African adventures, and even those in Mesopotamia, could not obviously affect decisively the fate of the war which, as events proved again and again, was going to be fought and won in the west. Since conscription was only weeks old, the British could hardly be blamed for failing to field an army the size of that of the French.

But sometimes Albion was perfidious — or, at least, extraordinarily incoherent and incomprehensibly casual in its efforts. The creation of a Ministry of Blockade on 23 February is revealing in this context. Although by the end of 1915 Germany’s imports had fallen by 55% from pre-war levels, no general blockade in the strictest sense had yet been declared, and economic warfare had been only casually coordinated. This was now to be set right. The new Minister, Lord Robert Cecil, an Under-Secretary of State for Foreign Affairs, was given a seat in the Cabinet. His responsibilities were focused on anything and everything with an eye to choking off supplies reaching the enemy.

Although his own capacities had been the focus of savage criticism only months earlier, no one could ever accuse Churchill of being less than completely committed and wholehearted in the prosecution of war. This week saw him again restless in the trenches and plotting for ways to return — head held high — to political eminence.

Shortly to return home on leave, he now asked his wife to organise meetings and dinners with the great and the good. He was particularly upset about plans to abolish the Royal Naval Division which he had sent to Antwerp in October 1914 and which had served with distinction in Gallipoli. Clemmie sagely advised him not to lapse into recrimination but, rather, to write friendly letters to the Prime Minister (“With him it is so much out of sight out of mind”). She was doing her best, hosting a dinner on 25 February of which she wrote: “You will be interested to hear that the old sybarite [Asquith] thoroughly enjoyed himself. The food was good & afterwards there were two tables at bridge. The P.M. won a little money & went home in high good humour.”

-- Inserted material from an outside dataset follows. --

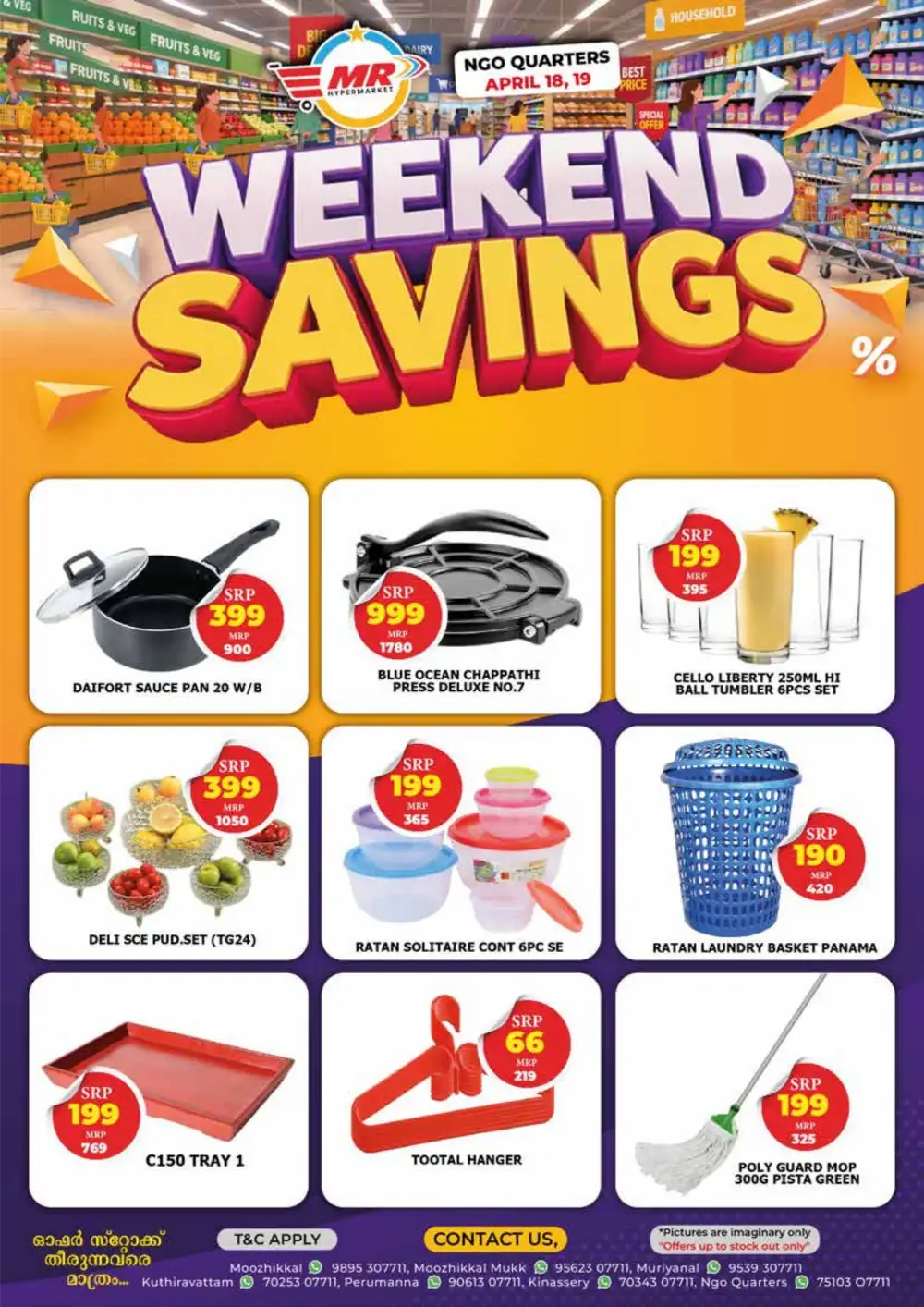 Weekend Savings page 8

Dinner parties? Bridge? A little light gambling? Tell that, one might say, to those at sea. Those at sea found themselves this week absolutely at the sharp end of suffering. On 27 February, two British ships were struck by mines in the Dover Straits. P&O liner Maloja left Tilbury for Bombay with 122 passengers, government and military personnel and civilians including women and children. Fearing an enemy attack, it was steaming with lifeboats already in position, but that could not save it. Once it struck the mine, its engine room rapidly flooded and so the ship could not slow down. This, and its listing, meant only three or four lifeboats were launched. Maloja sank in twenty-four minutes and 155 lives were lost.

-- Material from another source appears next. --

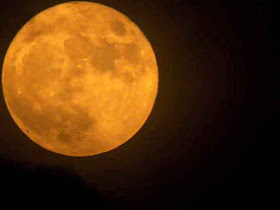 full-moon, Japan, Okinawa, August, 2020, astronomy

Most terribly of all, the French troopship Provence II, used in the Gallipoli and Macedonia campaigns, had been torpedoed in the Mediterranean the previous day. It had been spotted, en route for Salonika, by U-35 under the command of the brilliant Lothar von Arnauld de la Periere, an aristocratic German of French descent. At least 1,700 troops were on board. The rapid listing made the launching of lifeboats impossible. Only 742 survivors, clinging to rafts, were picked up.

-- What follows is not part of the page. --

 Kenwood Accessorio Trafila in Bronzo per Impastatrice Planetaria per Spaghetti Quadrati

This was a scarcely imaginable catastrophe inflicted upon a nation already traumatised by Verdun. The Sydney Herald later reported:

M. Bokanowski, a French Deputy, who is one of the survivors of the French auxiliary cruiser Provence, narrates that a battalion of the 3rd Colonial Infantry was aboard. There was no lamentation, and there was no panic, though the ship was sinking rapidly and the boilers exploding. Captain Vesco, he states, remained on the bridge, calmly giving orders, and finally cried, ‘Adieu, mes enfants’. The men clustered on the foredeck, and replied, ‘Vive la France’. Then the Provence made a sudden plunge, and the foredeck rose perpendicularly above the water. A British patrol and a French torpedo boat picked up the survivors after they had been eighteen hours on the water. Many died or went mad before the rescue ships arrived.